Decline and fall of scripting languages ?
Mon Aug 8 21:15:58 CEST 2005
Donn Cave <donn at u.washington.edu> writes:
> > I'm not sure what you mean by that about OCAML. That its functional
> > model is not pure enough? I'd like to look at Haskell as well, but I
> > have the impression that its implementation is not as serious as
> > OCaml's, i.e. no native-code compiler.
> On the contrary, there are a couple. Ghc is probably the leading
> implementation these days, and by any reasonable measure, it is serious.
OK, I've looked at the Haskell "gentle introduction" page a little bit
and it's nice. I do remember Ocaml beating Haskell on a performance
shootout and am not sure whether Ghc was used for the Haskell entry.
I notice that Haskell strings are character lists, i.e. at least
conceptually, "hello" takes the equivalent of five cons cells. Do
real implementations (i.e. GHC) actually work like that? If so, that's
enough to kill the whole thing right there.
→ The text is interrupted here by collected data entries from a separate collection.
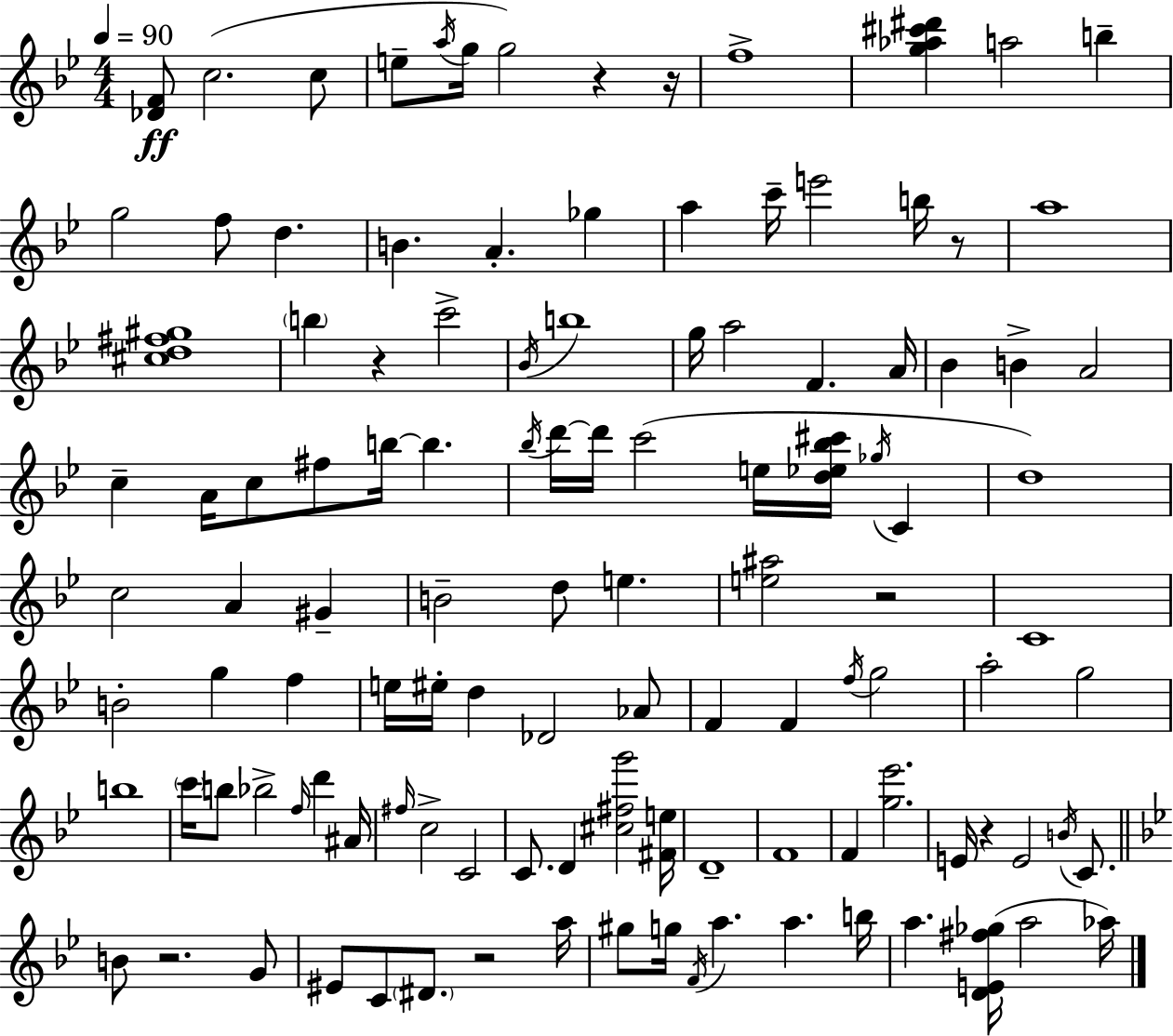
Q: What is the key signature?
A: G minor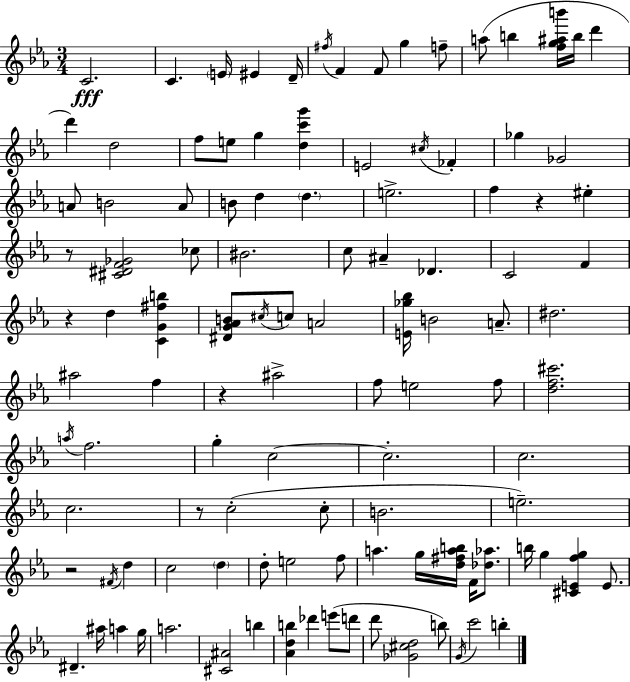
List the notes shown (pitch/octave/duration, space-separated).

C4/h. C4/q. E4/s EIS4/q D4/s F#5/s F4/q F4/e G5/q F5/e A5/e B5/q [F5,G5,A#5,B6]/s B5/s D6/q D6/q D5/h F5/e E5/e G5/q [D5,C6,G6]/q E4/h C#5/s FES4/q Gb5/q Gb4/h A4/e B4/h A4/e B4/e D5/q D5/q. E5/h. F5/q R/q EIS5/q R/e [C#4,D#4,F4,Gb4]/h CES5/e BIS4/h. C5/e A#4/q Db4/q. C4/h F4/q R/q D5/q [C4,G4,F#5,B5]/q [D#4,G4,Ab4,B4]/e C#5/s C5/e A4/h [E4,Gb5,Bb5]/s B4/h A4/e. D#5/h. A#5/h F5/q R/q A#5/h F5/e E5/h F5/e [D5,F5,C#6]/h. A5/s F5/h. G5/q C5/h C5/h. C5/h. C5/h. R/e C5/h C5/e B4/h. E5/h. R/h F#4/s D5/q C5/h D5/q D5/e E5/h F5/e A5/q. G5/s [D5,F#5,A5,B5]/s F4/s [Db5,Ab5]/e. B5/s G5/q [C#4,E4,F5,G5]/q E4/e. D#4/q. A#5/s A5/q G5/s A5/h. [C#4,A#4]/h B5/q [Ab4,D5,B5]/q Db6/q E6/e D6/e D6/e [Gb4,C#5,D5]/h B5/e G4/s C6/h B5/q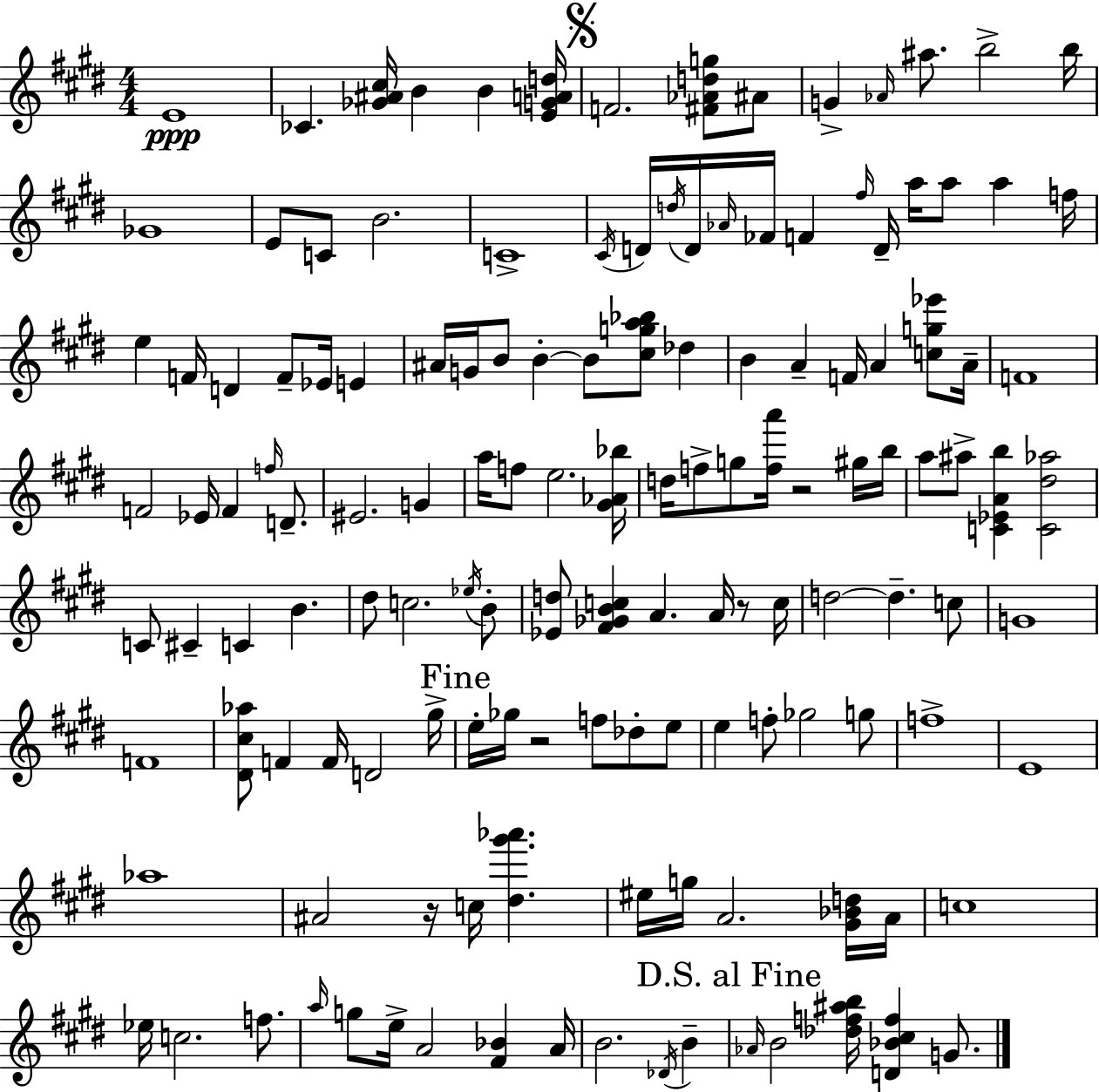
X:1
T:Untitled
M:4/4
L:1/4
K:E
E4 _C [_G^A^c]/4 B B [EGAd]/4 F2 [^F_Adg]/2 ^A/2 G _A/4 ^a/2 b2 b/4 _G4 E/2 C/2 B2 C4 ^C/4 D/4 d/4 D/4 _A/4 _F/4 F ^f/4 D/4 a/4 a/2 a f/4 e F/4 D F/2 _E/4 E ^A/4 G/4 B/2 B B/2 [^cga_b]/2 _d B A F/4 A [cg_e']/2 A/4 F4 F2 _E/4 F f/4 D/2 ^E2 G a/4 f/2 e2 [^G_A_b]/4 d/4 f/2 g/2 [fa']/4 z2 ^g/4 b/4 a/2 ^a/2 [C_EAb] [C^d_a]2 C/2 ^C C B ^d/2 c2 _e/4 B/2 [_Ed]/2 [^F_GBc] A A/4 z/2 c/4 d2 d c/2 G4 F4 [^D^c_a]/2 F F/4 D2 ^g/4 e/4 _g/4 z2 f/2 _d/2 e/2 e f/2 _g2 g/2 f4 E4 _a4 ^A2 z/4 c/4 [^d^g'_a'] ^e/4 g/4 A2 [^G_Bd]/4 A/4 c4 _e/4 c2 f/2 a/4 g/2 e/4 A2 [^F_B] A/4 B2 _D/4 B _A/4 B2 [_df^ab]/4 [D_B^cf] G/2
> Objective CAML is indeed not a pure functional language.
Should that bother me? I should say, my interest in Ocaml or Haskell
is not just to try out something new, but also as a step up from both
Python and C/C++ for writing practical code. That is, I'm looking for
something with good abstraction (unlike Java) and type safety (unlike
C/C++), but for the goal of writing high performance code (like
C/C++). I'm even (gasp) thinking of checking out Ada.